For some reason, the month of July has always been special for me to take in the observation of the moon. No, I’m not involved in some kind of way out there religion or smoke any kind of kooky weeds, but if you have not noticed it, the moon in July is usually extra special. I guess, due to the fact we spend more time outside in the summer we have the opportunity to see it more. Just recently, we had the chance to see the Super Moon, which was a very bright moon for our summertime viewing.
Even as a small boy, I would stretch out on the porch or on a hillside on July nights and gaze at the moon, wondering about what is out there among the stars and that large bright object. Now as an older boy, a much older boy, I still enjoy doing the gazing bit with the moon, even though I know a lot more now than I did back then.
The skies have always been amazing to me. On a particularly cool, crisp fall late afternoon in 1957, my father, brother, grandfather and myself were walking from the dairy barn as we had done numerous times before on my grandfather’s dairy farm after the evening milking. The day had been much like any other, except for this evening we noticed a bright ball of light moving across the western sky as the sun was making its final departure for the day. We all stopped, watching its unusual movement and immediately noticed that it was not an airplane. Instead, it was the Russian satellite known as “Sputnik” and the ushering in of a new day of technology, along with a multitude of scientific developments that would change all of our lives forever. And it all began for me with a chance to see something different in the skies.

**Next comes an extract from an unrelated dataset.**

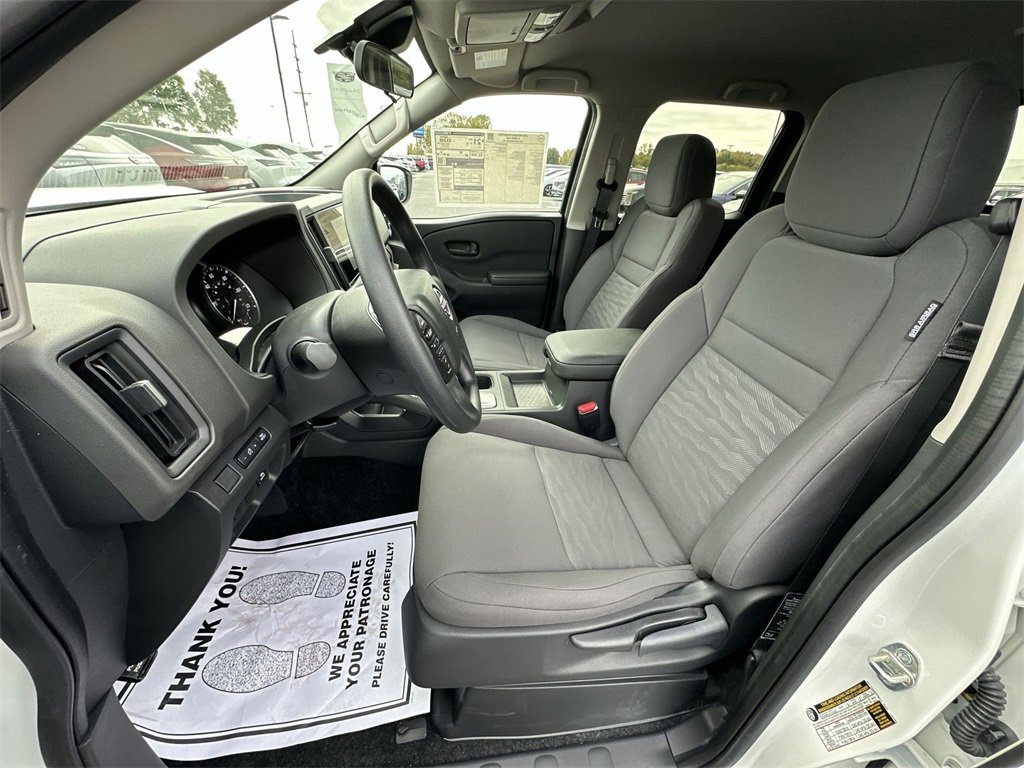 New 2026 Nissan Frontier S image 11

Just like I watched the beginning of our country’s race into space as a young child, on the morning of July 21, 2011, at the age of 62, I watched the final landing of the space shuttle, ending an era of takeoffs and landings for the NASA program. I still remember the excitement of John Glenn blasting off into space, the splashdowns in the ocean and watching much of it on black and white TVs at school. When Neil Armstrong set foot on the moon on July 21, 1969, and uttered those words which are still the most famous words ever spoken, “That’s one small step for man, one giant leap for mankind,” a generation of us knew there was no limit to what we could do if we just put our minds to it. Even though there were those who had doubt and said it was all produced in a movie studio, my generation knew it wasn’t and saw a lot of hope for the future in the space program.
From the NASA program a lot of things have evolved for all of us. The hand-held vacuum cleaner was born from this program, along with more battery-powered gadgets that we no longer can do without. The firefighter’s breathing apparatus used today is a product adapted from life-support systems used in spacesuits. The personal storm warning systems that detect lightning for boaters, golfers and those flying private airplanes came from the space shuttle. We have better sunglasses, improved car crash technology, plane wing-tip designs, freeze-dried meals, baby foods, heart surgery lasers, life support for patients, plant research, better brakes and much more all because of our space program. I, for one, would have never thought that October evening back in 1957, because of a glow in the western sky, that someday its beginning could mean the difference in me having better health or not.
Because of our space program, those of us who monitor our blood pressure each day with home blood pressure kits, have those little units. Independent Science reports that when Alan Shepard became the first American to fly in space some 37 years ago, NASA scientists had to invent an automatic measuring device to find out how blasting off affected the astronaut’s blood pressure. The design of the unit that they used to monitor Shepard and future astronauts later became the design blood pressure kits were based on once they went mainstream.
Much of the progress we enjoy here on Earth today is because someone somewhere gazed into the skies and wondered what else could be on the horizon of space. I’ll still enjoy my July moons and hopefully there will continue to be other little boys and girls who will also do the same with wonderment about what is over the horizon for the rest of us.